Michelle Martin

New beginnings

Sunday, September 12, 2010

School started again this year. That seems like writing, “The sun came up in the east.” What else would it do?

In a lot of ways, it was a non-event. There were no momentous firsts in our family this year, no one starting preschool or kindergarten or first grade or middle school, no one going to a new school or graduating from an old one.

When I picked the kids up after school and asked how their day was, it was like a time machine had transported us to mid-October, well after any back-toschool excitement had worn off.

Me: “How did it go today?”

Frank: “Fine.”

Caroline” “OK.”

Me (trying to extract some little detail to grab on to): “Was it better than you expected? Worse than you expected?”

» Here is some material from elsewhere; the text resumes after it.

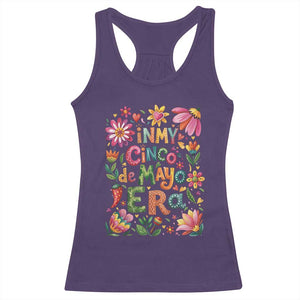 Trendy Floral Fiesta Celebration Racerback Tank Top In My Cinco De Mayo Era TS12 Purple Print Your Wear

Caroline: “It was just OK.”

And that, most likely, was a conversation very similar to thousands happening after the first day of classes in Catholic schools throughout the archdiocese. That’s a good thing, because one reason the first day of school was such a non-event was that no families were forced to change schools because their former Catholic school closed.

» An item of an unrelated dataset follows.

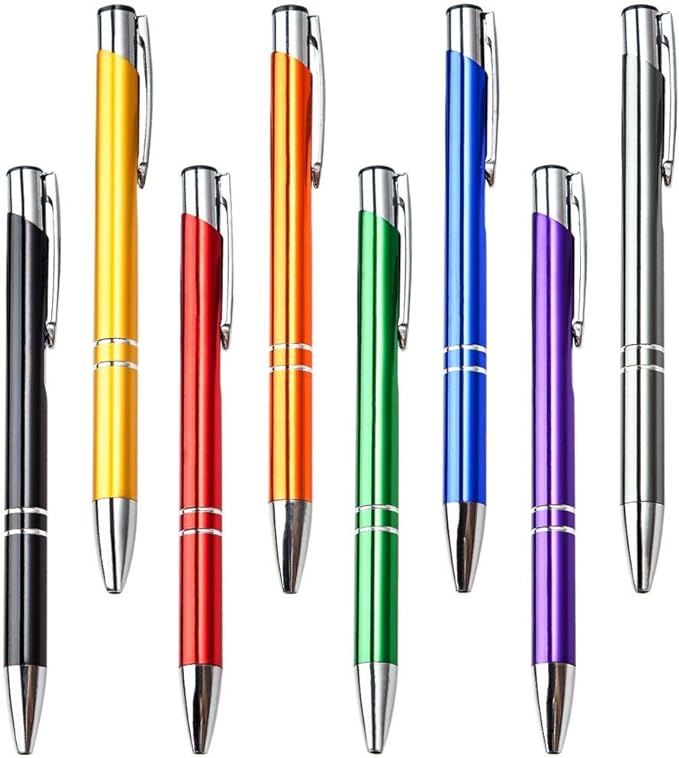 8 bolígrafos metálicos de tinta negra y azul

All 256 Catholic elementary and high schools that were in operation last school year reopened their doors for the 2010-11 school year.

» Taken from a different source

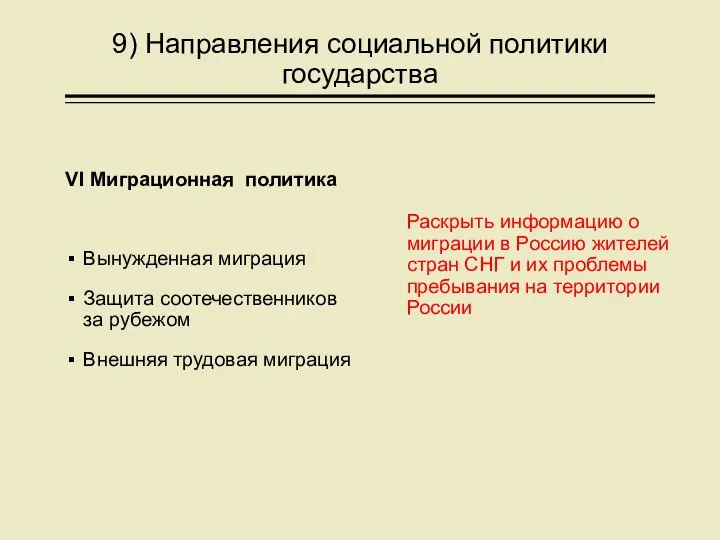 9) Направления социальной политики государства VI Миграционная политика Вынужденная миграция Защита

That has not always been the case in recent years. In 2005, a score of Catholic schools closed, including the one my children attended at the time.

That was cataclysmic in the life of Caroline, who had just finished first grade but had already put in four years at her school. That August, starting at a new school came along with lots of anxiety and nerves.

Five years later, it’s worked out all right. In a bigger school, both kids have had access to resources they would not have had at their old school, and they have taken advantage of both academic and extracurricular opportunities. They’ve made friends and, I think, influenced some people.

I am profoundly grateful that their school is strong, and that strength is reflected in a more stable Catholic school system, where more students can continue to get an excellent academic education as well as a thorough grounding in their faith.

For Caroline and Frank, all is not as boring as they like to make it seem. Day by day, more information seeps out from the been-there-done-that kids: new kids in class, what the spring musical will be, new books they are reading, a new sport for Frank.

The new school year is still full of new beginnings. I give thanks that having to find a new school is not one of them.